## INFORMATION SUPPLIED
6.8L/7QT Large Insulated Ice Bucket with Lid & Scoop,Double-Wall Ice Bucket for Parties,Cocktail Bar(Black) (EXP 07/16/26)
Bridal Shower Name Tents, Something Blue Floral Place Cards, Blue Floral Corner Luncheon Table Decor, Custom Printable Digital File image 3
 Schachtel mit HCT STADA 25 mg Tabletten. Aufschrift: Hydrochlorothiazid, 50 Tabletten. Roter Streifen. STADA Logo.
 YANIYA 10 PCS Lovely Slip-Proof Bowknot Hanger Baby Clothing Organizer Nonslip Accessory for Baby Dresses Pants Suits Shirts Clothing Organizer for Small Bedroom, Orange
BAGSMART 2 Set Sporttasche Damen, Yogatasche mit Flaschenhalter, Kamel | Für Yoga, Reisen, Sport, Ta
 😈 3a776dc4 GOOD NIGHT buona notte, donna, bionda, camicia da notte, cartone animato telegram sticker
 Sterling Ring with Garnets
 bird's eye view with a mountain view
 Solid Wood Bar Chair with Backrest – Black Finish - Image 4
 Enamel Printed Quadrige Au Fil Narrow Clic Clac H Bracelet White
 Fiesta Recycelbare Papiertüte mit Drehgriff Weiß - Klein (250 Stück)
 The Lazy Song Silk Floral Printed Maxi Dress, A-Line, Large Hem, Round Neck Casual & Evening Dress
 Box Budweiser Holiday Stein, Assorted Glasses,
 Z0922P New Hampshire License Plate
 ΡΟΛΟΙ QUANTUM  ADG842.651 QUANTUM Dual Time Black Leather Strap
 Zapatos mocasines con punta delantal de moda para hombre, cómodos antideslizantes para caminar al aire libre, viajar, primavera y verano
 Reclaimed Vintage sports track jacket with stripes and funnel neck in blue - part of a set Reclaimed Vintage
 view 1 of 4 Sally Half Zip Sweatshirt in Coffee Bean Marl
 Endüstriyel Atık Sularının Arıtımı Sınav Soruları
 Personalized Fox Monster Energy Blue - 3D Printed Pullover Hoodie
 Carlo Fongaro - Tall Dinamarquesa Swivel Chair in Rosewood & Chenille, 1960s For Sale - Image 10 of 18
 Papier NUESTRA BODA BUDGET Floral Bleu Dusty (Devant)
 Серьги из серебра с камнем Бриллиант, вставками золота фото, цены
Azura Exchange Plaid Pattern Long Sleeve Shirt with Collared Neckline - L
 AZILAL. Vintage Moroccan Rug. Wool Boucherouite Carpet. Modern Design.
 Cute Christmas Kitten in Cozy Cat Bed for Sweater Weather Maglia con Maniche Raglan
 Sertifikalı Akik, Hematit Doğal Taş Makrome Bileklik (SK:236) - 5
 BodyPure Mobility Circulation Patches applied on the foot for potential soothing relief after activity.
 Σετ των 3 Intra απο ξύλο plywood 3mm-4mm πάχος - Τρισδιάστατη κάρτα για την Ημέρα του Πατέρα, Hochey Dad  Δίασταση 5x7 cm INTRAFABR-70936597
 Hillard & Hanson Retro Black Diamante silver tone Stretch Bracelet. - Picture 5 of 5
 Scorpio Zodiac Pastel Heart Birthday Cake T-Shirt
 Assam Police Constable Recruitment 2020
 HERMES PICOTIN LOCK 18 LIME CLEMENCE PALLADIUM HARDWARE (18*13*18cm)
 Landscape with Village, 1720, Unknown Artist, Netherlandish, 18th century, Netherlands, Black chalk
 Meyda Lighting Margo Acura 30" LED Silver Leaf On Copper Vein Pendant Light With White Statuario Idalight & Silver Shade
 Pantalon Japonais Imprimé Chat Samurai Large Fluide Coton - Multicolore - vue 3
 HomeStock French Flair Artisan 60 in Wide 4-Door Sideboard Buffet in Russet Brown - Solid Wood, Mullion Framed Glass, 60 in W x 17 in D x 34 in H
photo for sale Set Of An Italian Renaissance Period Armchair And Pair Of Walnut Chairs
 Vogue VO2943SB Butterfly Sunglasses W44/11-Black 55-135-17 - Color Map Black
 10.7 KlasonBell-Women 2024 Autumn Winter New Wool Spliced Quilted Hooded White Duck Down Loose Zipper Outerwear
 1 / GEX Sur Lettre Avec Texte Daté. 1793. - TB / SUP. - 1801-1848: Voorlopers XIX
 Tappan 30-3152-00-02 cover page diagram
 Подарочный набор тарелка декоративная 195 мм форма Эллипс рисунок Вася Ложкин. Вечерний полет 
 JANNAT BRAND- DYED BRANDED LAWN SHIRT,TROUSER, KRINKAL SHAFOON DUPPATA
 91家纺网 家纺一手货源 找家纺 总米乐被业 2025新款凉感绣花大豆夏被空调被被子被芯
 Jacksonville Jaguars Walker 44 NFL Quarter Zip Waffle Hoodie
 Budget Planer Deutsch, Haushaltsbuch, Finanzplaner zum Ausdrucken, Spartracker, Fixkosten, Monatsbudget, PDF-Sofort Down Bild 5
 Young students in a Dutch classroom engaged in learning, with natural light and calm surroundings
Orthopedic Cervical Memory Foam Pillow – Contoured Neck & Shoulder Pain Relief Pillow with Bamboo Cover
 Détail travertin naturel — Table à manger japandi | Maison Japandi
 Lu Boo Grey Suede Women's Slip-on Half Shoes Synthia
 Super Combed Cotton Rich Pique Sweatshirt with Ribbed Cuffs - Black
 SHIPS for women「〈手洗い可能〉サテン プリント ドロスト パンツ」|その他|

## PROBLEM STATEMENT
All entries are to be output exactly as they stand.

## WORKED SOLUTION
6.8L/7QT Large Insulated Ice Bucket with Lid & Scoop,Double-Wall Ice Bucket for Parties,Cocktail Bar(Black) (EXP 07/16/26)
Bridal Shower Name Tents, Something Blue Floral Place Cards, Blue Floral Corner Luncheon Table Decor, Custom Printable Digital File image 3
 Schachtel mit HCT STADA 25 mg Tabletten. Aufschrift: Hydrochlorothiazid, 50 Tabletten. Roter Streifen. STADA Logo.
 YANIYA 10 PCS Lovely Slip-Proof Bowknot Hanger Baby Clothing Organizer Nonslip Accessory for Baby Dresses Pants Suits Shirts Clothing Organizer for Small Bedroom, Orange
BAGSMART 2 Set Sporttasche Damen, Yogatasche mit Flaschenhalter, Kamel | Für Yoga, Reisen, Sport, Ta
 😈 3a776dc4 GOOD NIGHT buona notte, donna, bionda, camicia da notte, cartone animato telegram sticker
 Sterling Ring with Garnets
 bird's eye view with a mountain view
 Solid Wood Bar Chair with Backrest – Black Finish - Image 4
 Enamel Printed Quadrige Au Fil Narrow Clic Clac H Bracelet White
 Fiesta Recycelbare Papiertüte mit Drehgriff Weiß - Klein (250 Stück)
 The Lazy Song Silk Floral Printed Maxi Dress, A-Line, Large Hem, Round Neck Casual & Evening Dress
 Box Budweiser Holiday Stein, Assorted Glasses,
 Z0922P New Hampshire License Plate
 ΡΟΛΟΙ QUANTUM  ADG842.651 QUANTUM Dual Time Black Leather Strap
 Zapatos mocasines con punta delantal de moda para hombre, cómodos antideslizantes para caminar al aire libre, viajar, primavera y verano
 Reclaimed Vintage sports track jacket with stripes and funnel neck in blue - part of a set Reclaimed Vintage
 view 1 of 4 Sally Half Zip Sweatshirt in Coffee Bean Marl
 Endüstriyel Atık Sularının Arıtımı Sınav Soruları
 Personalized Fox Monster Energy Blue - 3D Printed Pullover Hoodie
 Carlo Fongaro - Tall Dinamarquesa Swivel Chair in Rosewood & Chenille, 1960s For Sale - Image 10 of 18
 Papier NUESTRA BODA BUDGET Floral Bleu Dusty (Devant)
 Серьги из серебра с камнем Бриллиант, вставками золота фото, цены
Azura Exchange Plaid Pattern Long Sleeve Shirt with Collared Neckline - L
 AZILAL. Vintage Moroccan Rug. Wool Boucherouite Carpet. Modern Design.
 Cute Christmas Kitten in Cozy Cat Bed for Sweater Weather Maglia con Maniche Raglan
 Sertifikalı Akik, Hematit Doğal Taş Makrome Bileklik (SK:236) - 5
 BodyPure Mobility Circulation Patches applied on the foot for potential soothing relief after activity.
 Σετ των 3 Intra απο ξύλο plywood 3mm-4mm πάχος - Τρισδιάστατη κάρτα για την Ημέρα του Πατέρα, Hochey Dad  Δίασταση 5x7 cm INTRAFABR-70936597
 Hillard & Hanson Retro Black Diamante silver tone Stretch Bracelet. - Picture 5 of 5
 Scorpio Zodiac Pastel Heart Birthday Cake T-Shirt
 Assam Police Constable Recruitment 2020
 HERMES PICOTIN LOCK 18 LIME CLEMENCE PALLADIUM HARDWARE (18*13*18cm)
 Landscape with Village, 1720, Unknown Artist, Netherlandish, 18th century, Netherlands, Black chalk
 Meyda Lighting Margo Acura 30" LED Silver Leaf On Copper Vein Pendant Light With White Statuario Idalight & Silver Shade
 Pantalon Japonais Imprimé Chat Samurai Large Fluide Coton - Multicolore - vue 3
 HomeStock French Flair Artisan 60 in Wide 4-Door Sideboard Buffet in Russet Brown - Solid Wood, Mullion Framed Glass, 60 in W x 17 in D x 34 in H
photo for sale Set Of An Italian Renaissance Period Armchair And Pair Of Walnut Chairs
 Vogue VO2943SB Butterfly Sunglasses W44/11-Black 55-135-17 - Color Map Black
 10.7 KlasonBell-Women 2024 Autumn Winter New Wool Spliced Quilted Hooded White Duck Down Loose Zipper Outerwear
 1 / GEX Sur Lettre Avec Texte Daté. 1793. - TB / SUP. - 1801-1848: Voorlopers XIX
 Tappan 30-3152-00-02 cover page diagram
 Подарочный набор тарелка декоративная 195 мм форма Эллипс рисунок Вася Ложкин. Вечерний полет 
 JANNAT BRAND- DYED BRANDED LAWN SHIRT,TROUSER, KRINKAL SHAFOON DUPPATA
 91家纺网 家纺一手货源 找家纺 总米乐被业 2025新款凉感绣花大豆夏被空调被被子被芯
 Jacksonville Jaguars Walker 44 NFL Quarter Zip Waffle Hoodie
 Budget Planer Deutsch, Haushaltsbuch, Finanzplaner zum Ausdrucken, Spartracker, Fixkosten, Monatsbudget, PDF-Sofort Down Bild 5
 Young students in a Dutch classroom engaged in learning, with natural light and calm surroundings
Orthopedic Cervical Memory Foam Pillow – Contoured Neck & Shoulder Pain Relief Pillow with Bamboo Cover
 Détail travertin naturel — Table à manger japandi | Maison Japandi
 Lu Boo Grey Suede Women's Slip-on Half Shoes Synthia
 Super Combed Cotton Rich Pique Sweatshirt with Ribbed Cuffs - Black
 SHIPS for women「〈手洗い可能〉サテン プリント ドロスト パンツ」|その他|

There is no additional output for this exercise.